[…] The performance also took an unexpected course. Kuncius dressed in the sailor hat of a holiday-maker with a caption: m/s Ustka, Kapitan, delivered a speech, mumbling in a very elegant manner, while Malgorzata Kazmierczak read dispassionately the translation of his mumble into English:
1. If I were the image of Julio Iglesias, I would call on Andy Warhol in New York. The old man would be happy to see me and would invite me to go with him to the unpredictable Central Park. We would walk, loaf around, be afraid, hide in the bushes, and then he would say to me: UNFATHOMABLE PEDRO, I LIKE YOU …
2. If I were a poor orphan, I would visit Gilbert & George, thriving in London, they wouldn’t invite me anywhere, but they would promise to adopt me. I would thank them and say: HEY, GUYS, I’M OLD ENOUGH TO BE YOUR FATHER
3. If I were as slippery as a snake and incorrigibly nosy, I would slip backstage at the Paris Opera Garnier, where supple and lithe Rudolf Nuriev awaits to go on stage.
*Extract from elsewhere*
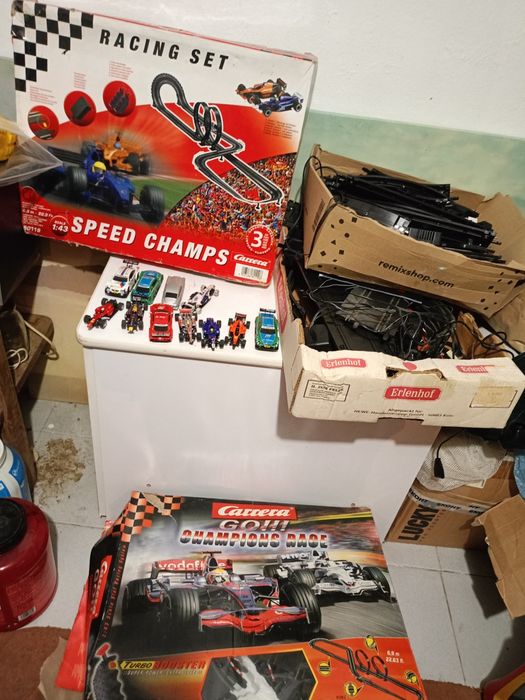 Carrera slot racing писти и колички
He would look at me intently and say: WAIT FOR ME IN THE TOILET OF THE NEAREST McDONALD’S
4. If I were a conservative pope, I would drop into a chapel in the prosperous Vatican City to see how the restless Michael Angelo is doing under my patronage. I would distract him from his work, force him to descend to earth and say to him: MY DEAR, ISN’T IT TIME FOR YOU TO TAKE A BREAK AND RELAX…
5. If I were an experienced surrealist, I would talk to the young Salvador Dali in sunny Barcelona. When parting, he would say: ANDRE BRETON, ANDRE MASSON, LUI ARAGON, MAX ERNTS, ROGER VITRAC, ANTONIN ARTAUD, ETC. ARE DRAINED MARSHES WHEN I COMPARE THEM WITH MY INFINITE OCEAN…
6. If I were a courageous symbolist, I would knock at the door of “L’hotel d’Alsace”, Paris, in 1900. If nobody answered, I would break the door down. And later Oscar Wilde would say to me: YOU GAVE ME A BIT OF WARMTH BEFORE MY DEATH…
7. If I were an impenitent humanist, I would save Ernst Röm’s life. Then, wishing to thank me, he would say: I APPOINT YOU THE CURATOR OF “ENTARTETE KUNST…” – “IMMER BEREIT !!!” – I WOULD SWEAR, AND AFTER SOME TIME I WOULD PROSPER MONUMENTALLY
In the end, the artist stammered something briefly and added: Merci.
At his final performance at the Cabaret Voltaire on June 23, 1916, that is 82 years and 2 days before Hercus Kuncius, Hugo Ball had recited his legendary sound poems that happened to be typical for the Dada anti-art, anti-logic stance. It was the rejection of traditional European values exacerbated, by the brutality of the World War I. Ball’s rejection of intelligible content in his sound poems was not simply meant as an absurd slap in the face of convention, but was conceived as a transcendental declamation. The poems were part of the Dada search for new forms and meaning in art that could purify culture. The necessity of purifying culture is still a living issue.